- About this exercise -
With pictures removed, output every record below exactly as written.

- Material for the task -
*** Block opens ***

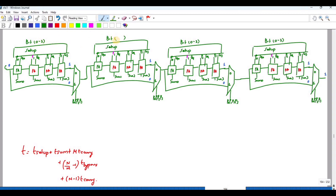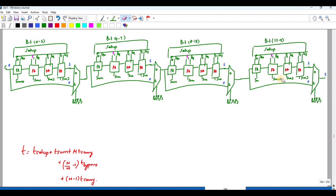The four blocks are: block one covers bits 0 to 3, block two covers bits 4 to 7, block three covers bits 8 to 11, and block four covers bits 12 to 15. The corresponding sums are: Sum 0,1,2,3 then Sum 4,5,6,7 then Sum 8,9,10,11 then Sum 12,13,14,15.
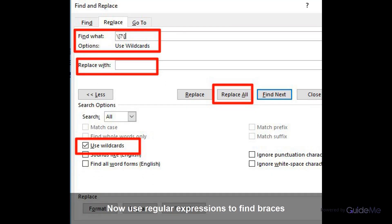Now use regular expressions to find braces and numbers inside them. For finding a single-digit number, you need to type: backslash, brace open, question mark, backslash, brace close. Note that you are using backslash to escape braces.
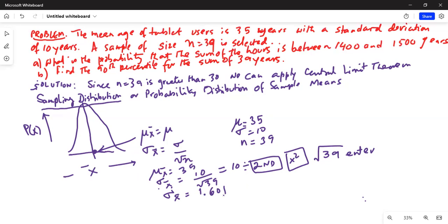Now part A says: what is the probability that the sum of the ages is between 1400 and 1500 years? That's a lot of years, but we can calculate.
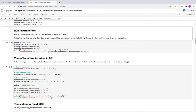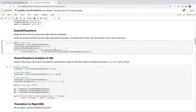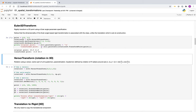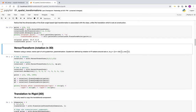Now let's look at the Euler 2D transform, parameterized by a single angle given in radians. We can set the translation and set the angle, then apply the transform. If you do the computations manually, you'll see that you get the expected results.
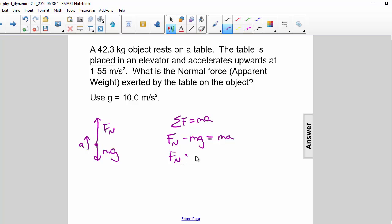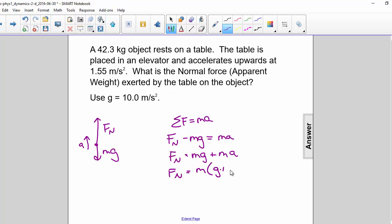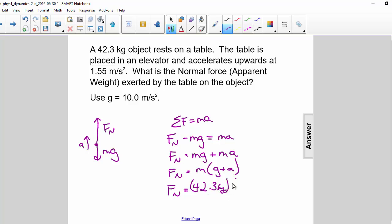So the normal force is equal to Mg plus Ma. You can factor out the M, so it becomes M times (G plus A). So normal force is M, which is 42.3 kilograms, times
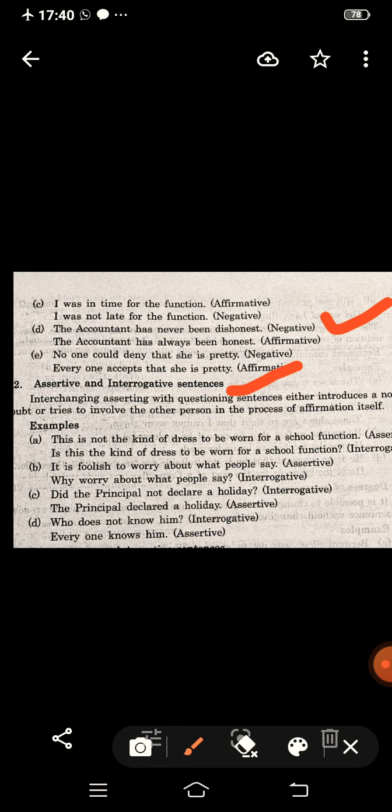Now the second type: assertive and interrogative sentences — assertive to interrogative and interrogative to assertive. Interchanging assertive with the questioning sentence either introduces an element of doubt or tries to involve the other person in the process of affirmation.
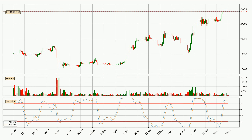Jumping to the daily stochastic RSI, both the %K and %D lines are in the higher region, which means that the price is getting overbought and soon a trend change or at least some kind of consolidation could be expected. The %K line is below the %D line, which shows that the trend has shifted to the downside.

*** Block closes ***

- Exercise solution -
The four blocks are: block one covers bits 0 to 3, block two covers bits 4 to 7, block three covers bits 8 to 11, and block four covers bits 12 to 15. The corresponding sums are: Sum 0,1,2,3 then Sum 4,5,6,7 then Sum 8,9,10,11 then Sum 12,13,14,15.
Now use regular expressions to find braces and numbers inside them. For finding a single-digit number, you need to type: backslash, brace open, question mark, backslash, brace close. Note that you are using backslash to escape braces.
Now part A says: what is the probability that the sum of the ages is between 1400 and 1500 years? That's a lot of years, but we can calculate.
Now let's look at the Euler 2D transform, parameterized by a single angle given in radians. We can set the translation and set the angle, then apply the transform. If you do the computations manually, you'll see that you get the expected results.
So the normal force is equal to Mg plus Ma. You can factor out the M, so it becomes M times (G plus A). So normal force is M, which is 42.3 kilograms, times
Now the second type: assertive and interrogative sentences — assertive to interrogative and interrogative to assertive. Interchanging assertive with the questioning sentence either introduces an element of doubt or tries to involve the other person in the process of affirmation.
Jumping to the daily stochastic RSI, both the %K and %D lines are in the higher region, which means that the price is getting overbought and soon a trend change or at least some kind of consolidation could be expected. The %K line is below the %D line, which shows that the trend has shifted to the downside.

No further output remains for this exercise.